I used to use one for my JCP but it was really hard keeping humidity up in it! So I switched him to a RUB & now it's perfect 

So yeh, you might wanna whack it in a smaller RUB instead, but that's up to you..If you keep him in the faunarium then you need to mist loads.

Also need some climby things as they're semi-arboreal. EDIT - Just seen the drift wood lol :bash:


----------



## SisterMoonbeam (Jan 28, 2008)

Yeah i was wondering about the humidity probs with the faunarium, i do have a tub i can use if it looks to be a problem, may not be big enough though.... they have some great RUBs in morrisons though - may have to make a trip there.... also found this...

Thermometers Direct Ltd Pet Thermometers

pricey though


----------



## ViRMiN (Aug 6, 2007)

Same model as I use...


----------



## SisterMoonbeam (Jan 28, 2008)

Would be worth it though, for the accuracy i assume


----------



## joe0709 (Sep 22, 2007)

if ya still wanting the faunarium you could cover one half of the lid up with cling film on the warm end and that will keep humdity up hopefully


----------



## SisterMoonbeam (Jan 28, 2008)

joe0709 said:


> if ya still wanting the faunarium you could cover one half of the lid up with cling film on the warm end and that will keep humdity up hopefully


oooh good tip thanks. Well what i'm gonna do is set it all up a couple of days before i collect her and see how it goes and if the conditions aren't right i will get a RUB


----------



## AshMashMash (Oct 28, 2007)

SisterMoonbeam said:


> oooh good tip thanks. Well what i'm gonna do is set it all up a couple of days before i collect her and see how it goes and if the conditions aren't right i will get a RUB


Sounds perfect. Then, if god forbid, its not right humidity, you have a faunarium ready... perfect excuse for another snake :whistling2:

I have mine in an RUB, humidity is spot on. Though, admittadly, I have never tried a faurnarium for him. 

Good luck


----------



## ThatLittleBlondeThing (Jan 31, 2008)

SisterMoonbeam said:


> yeah i just have a dial one for now but will be getting a digital one soon..... i have a freezer stocked full of frozen mice so think i'll be ok lol


Haha, we live together and we have a draw of dead mice in our freezer... freaks our other flat mate out, even thoughh she has two corns herself... dont think she likes all the dead cute fluffy things in bulk!!


----------



## Bernie (Mar 4, 2007)

Yeah, I'm with the other guys, RUB's are the way forward for BRB's especially neonates, they need high humidity for digestion, around 80-90%. I used faunariums for my corns as babies, as they have no need for high humidity and the ventilation they provide is excellent. I can't remember what substrate you were planning to use....I'd certainly recommend orchid cark or coconut husk, it holds moisture extremely well and will save you having to mist the enclosure daily. Mine only gets a mist every 5-7 days using coconut husk. Good luck with the new baby! : victory:


----------



## SisterMoonbeam (Jan 28, 2008)

Bernie said:


> Yeah, I'm with the other guys, RUB's are the way forward for BRB's especially neonates, they need high humidity for digestion, around 80-90%. I used faunariums for my corns as babies, as they have no need for high humidity and the ventilation they provide is excellent. I can't remember what substrate you were planning to use....I'd certainly recommend orchid cark or coconut husk, it holds moisture extremely well and will save you having to mist the enclosure daily. Mine only gets a mist every 5-7 days using coconut husk. Good luck with the new baby! : victory:


Yeah i'm using orchid bark and spagnum moss to put inside the moist hide.... Think i'll probably end up buying a RUB for her to be honjest... seems like the best way to go.

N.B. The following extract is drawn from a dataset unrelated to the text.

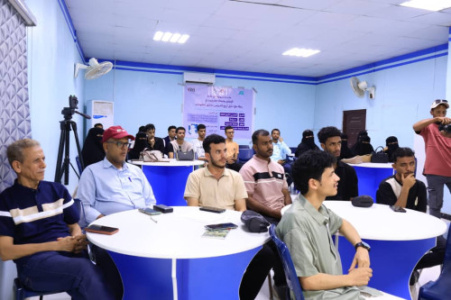 جلسة نقاشية ناجحة بجامعة حضرموت عن تدقيق المعلومات بالشراكة مع "أريج"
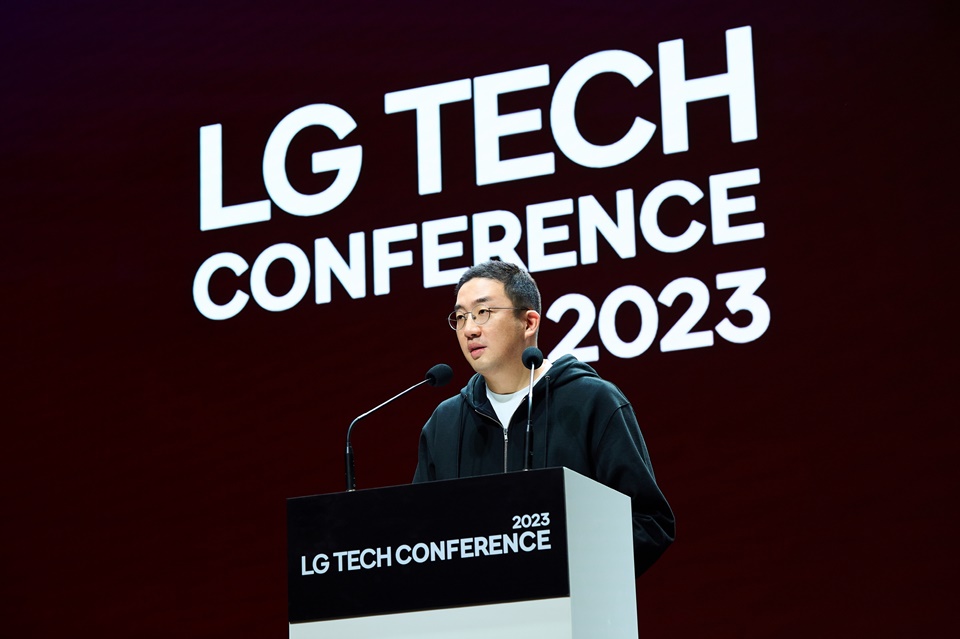 구광모 LG 대표가 16일 서울 마곡 LG사이언스파크에서 열린 ‘LG테크콘퍼런스’에서 오프닝 스피치를 하고 있다.[사진=LG]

P.S. max and milly are such cute names for your brbs lol


----------



## SelinaRealm (Sep 16, 2006)

Hi there,

read through the list and it seems great, only thing I noticed was the same as the others....

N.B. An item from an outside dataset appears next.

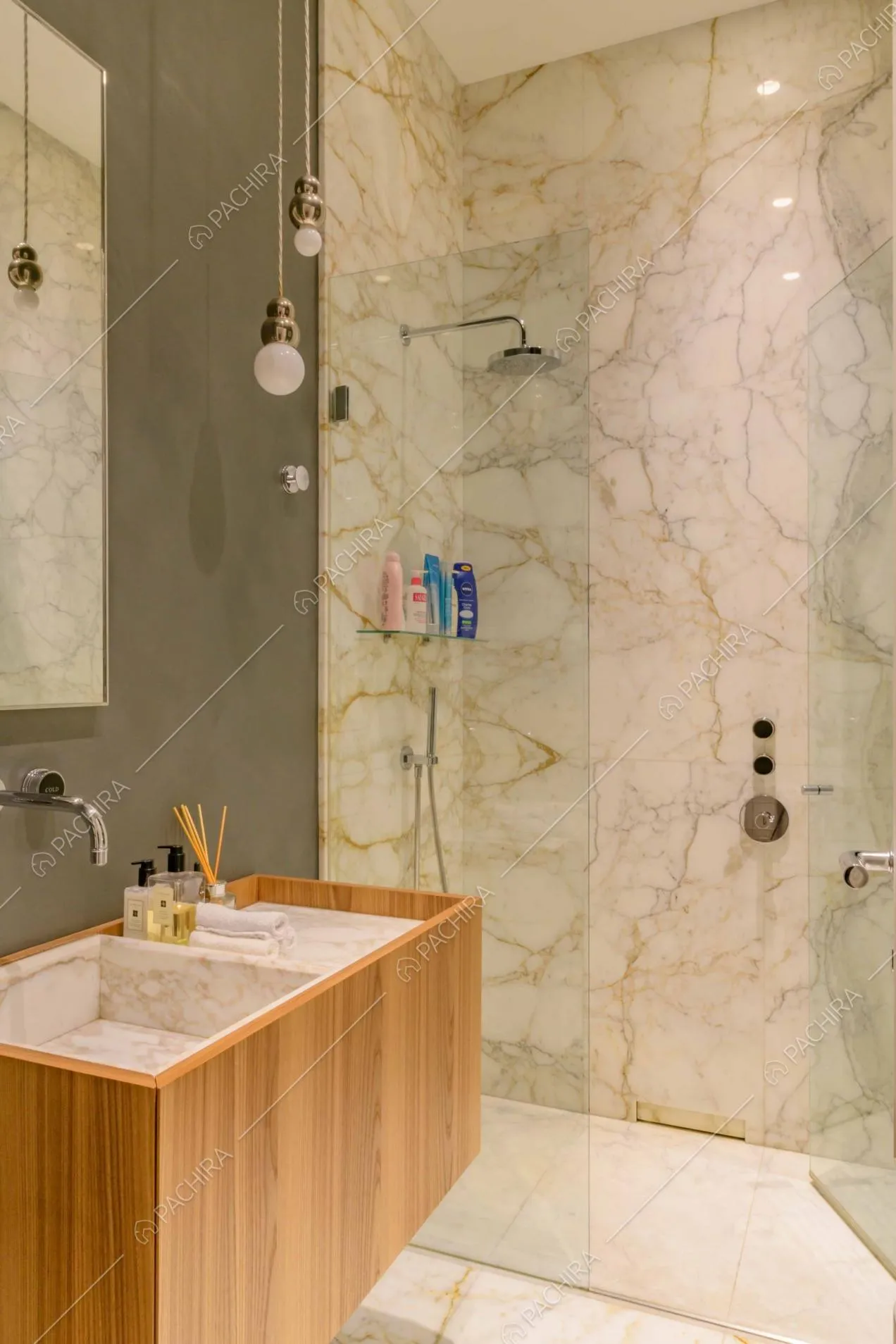 Bagno con pavimento e pareti in marmo e box doccia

Faunariums are a real pain in the bum to hold a decent humidity for a baby BRB....the cling film is a good idea....as is a damp tea towel over the hot end....but even then they still require a lot more misting than a RUB would.

Also, defo go along the route of digital themometer/hygrometers, they are soooooo much more acurate, and its not just by a couple deg or percent either way, Ive found the dials to be massively out...:bash:

All sounds great though, and congrats on getting your new baby soon....I love my BRB, he is just over 5 months now and a real cutie.....: victory:


----------



## Bernie (Mar 4, 2007)

SisterMoonbeam said:


> Yeah i'm using orchid bark and spagnum moss to put inside the moist hide.... Think i'll probably end up buying a RUB for her to be honjest... seems like the best way to go.
> 
> P.S. max and milly are such cute names for your brbs lol


 
Awww thank you! They are total cuties themselves, if not monsters in the making, from such sweet little babies, they're becoming strapping beasties! And now you've been nice about them, I'm gonna have to show you them!!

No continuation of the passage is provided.